A Flurry of Pivots and Activity

Besides tracking my progress in a 5x8-inch Field Book, I also use Basecamp. True to its word, it is simple project management. I use it with the family, with my writing and programming. One feature I enjoy is the automated question. At a period you choose, an email is sent for you to respond to its question. Every Monday morning, I’m challenged with what I’ve done the prior week. When I have one of my frequent periods of “didn’t do enough,” scanning through the prior weeks’ responses is encouraging.

I’m still charging with finishing ScribUnity. The basic application works, and I have an instance in production. There were a lot of pivots with the internals (user management, etc.), and I have a question or two about sending the emails. I have two ways of shipping it, either as a SaaS (Software as a Service) or self-hostable PSaaS (Perpetual Software as a Service). I’ve coined the latter phrase as the type of application that is a SaaS where the licensee holds a perpetual license. This is inspired by the Once product line. Until about a month ago, I was heading down the traditional path before accepting that I did not want to be a SaaS provider. I’m building these applications because I want to use them. But if others want to use them, I’m happy to share. It looks like it costs $6/mo to host SU on Digital Ocean, but I’ve not stress tested it. 
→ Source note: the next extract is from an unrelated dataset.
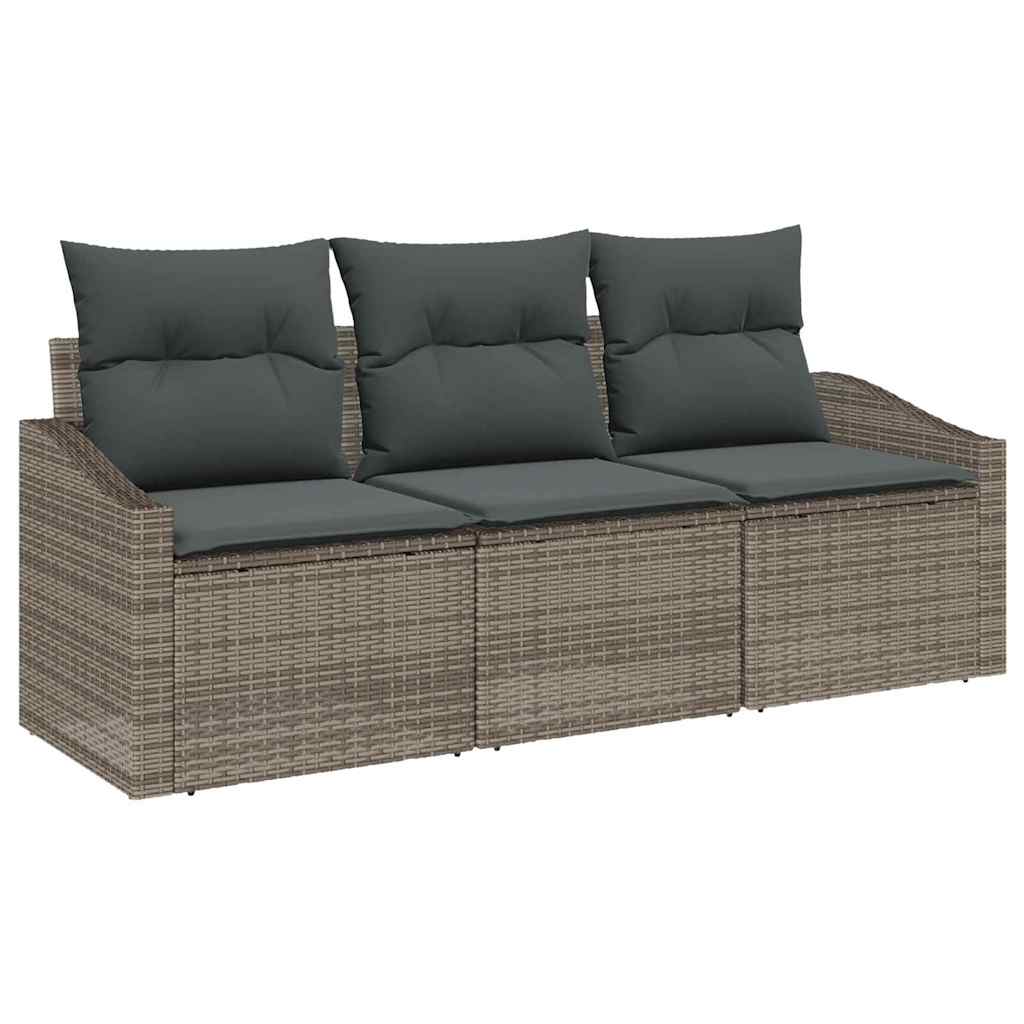 vidaXL Zestaw Sof z poduszką 3 pcs Szary polirattan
Following the Once inspiration, I have to figure out how to install the application on a production server. My plan for SU was to get it production-ready by 15 June, and I got there the week of 4 July. Had I stayed on one path, I would have finished by now. My plan for the sales platform and installer was 9 August. Let’s see what the next fortnight brings.

I’ve had some people ask about how I create print-ready PDFs from Scrivener. I plan on describing that later, but I want to hold off until I can host SU in production using the installer.